As APU departs NAIA fans should still recognize the tension between the two schools.

Joseph DeClercq and Joseph DeClercq

At the end of the last athletics year, the Los Angeles Dodgers were the best team in baseball, Lebron James was still searching for his first NBA title and Azusa Pacific University was our biggest rival.

In June the Miami Heat rose to the top and Lebron was finally crowned king, and the Dodgers are still hungry for a playoff berth.

But what about those pesky APU Cougars? The owners of 39 NAIA titles and 109 Golden State Athletic Conference titles now call the NCAA home. Along with Point Loma Nazarene University, California Baptist University and Fresno Pacific University — all former NAIA and GSAC opponents — the Cougars will take on other NCAA Div. II schools such as Seattle Pacific University, Grand Canyon University and Brigham Young University-Hawaii.

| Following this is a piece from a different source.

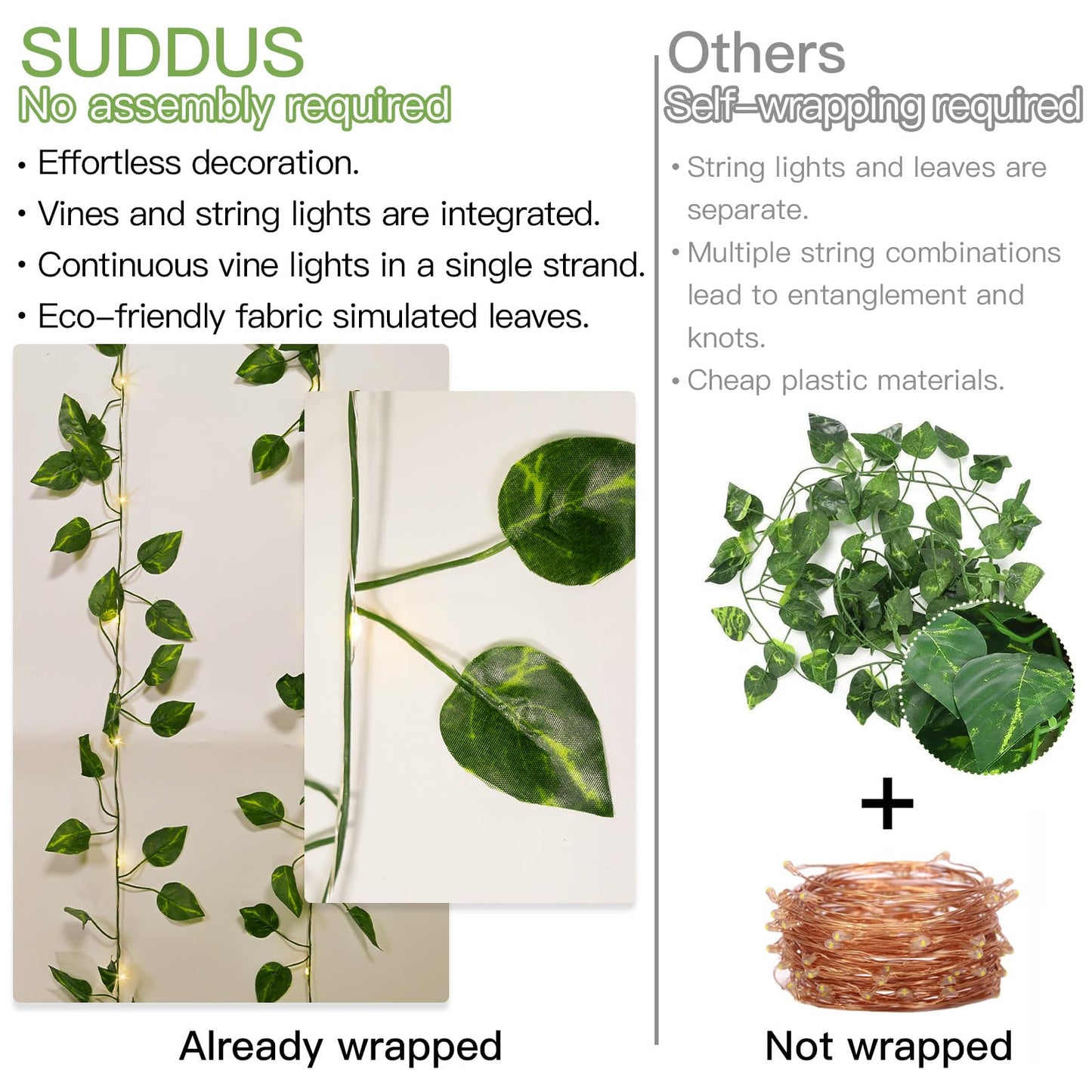 suddus Vine with Fairy Lights Battery Operated, 13.1ft 40 LED Pothos String Lights with Remote, Leaf Lights for Bedroom, Room, Wall, Garden, Party, Wedding Dorm Decor(Warm White)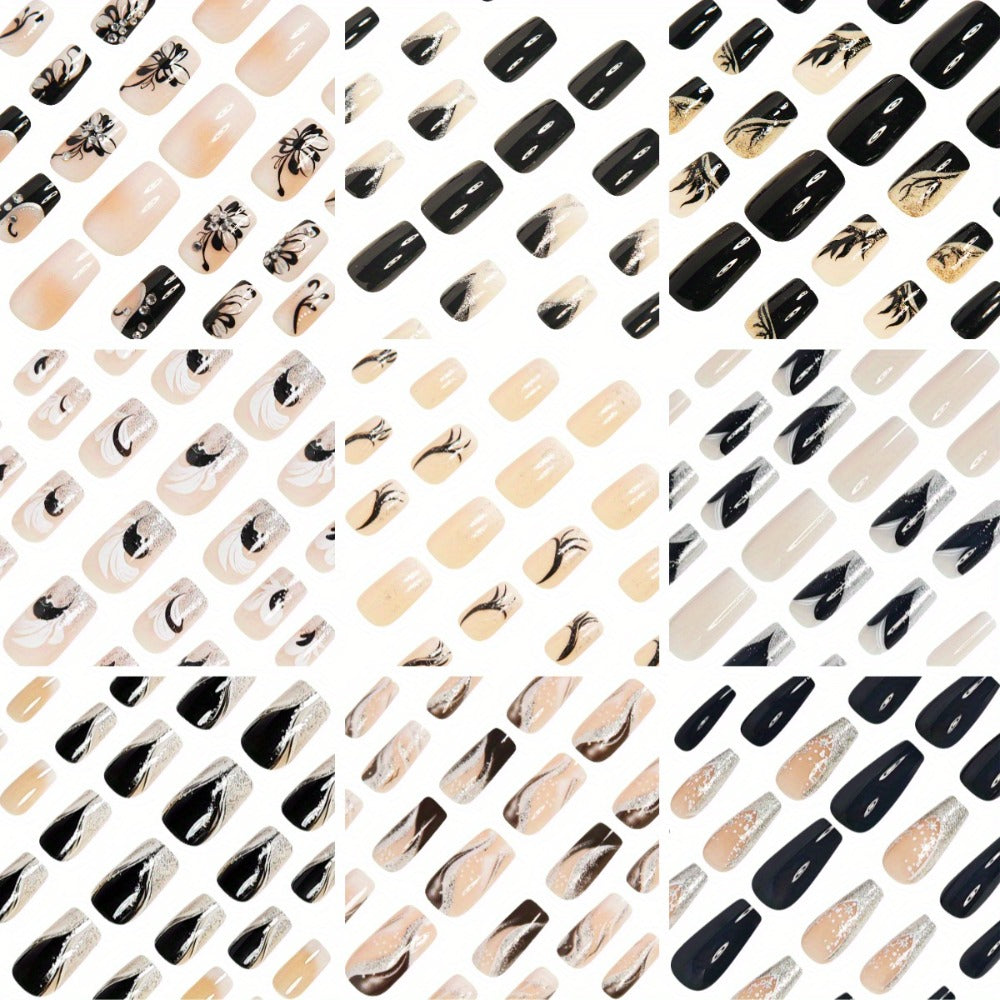 Black White Square Press On Nails 216 Pieces 9 Packs – 3D Butterfly Floral Fox Tail Glitter Marble Geometric Designs | Glossy Full Cover Acrylic Nails with Jelly Glue & File for Wo - product image 4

This doesn’t change the day-to-day of Biola athletics, but it changes the tone of this campus.

New freshman don't know feeling of APU rivalry

The new freshman class doesn’t know what it is like to enter the Felix Event Center on APU’s campus to a blacked-out crowd, nor do they know what it is like to drape yourself in red, paint your face and body and cover every inch of Chase Gymnasium in hopes of witnessing what is arguably one of the greatest rivalries the NAIA has ever seen.

In four short years this school will be so far removed from our rivalry with APU that it may be all but forgotten.

It is our job — those of us who know the story — to keep the rivalry alive.

As the fall sports season opens, remember one phrase: Beat APU.

We won’t have the privilege of seeing our beloved Eagles duke it out with the hated Cougars several times a year. We won’t get to challenge them for a conference title. In fact, we may not even play in most sports. But that doesn’t mean we forget the legend.

Our rivalry with Azusa is a large part of our school’s history and is something most of us have had the pleasure to be a part of. Still, don’t prevent yourself from moving on and embracing a new rivalry, a new history.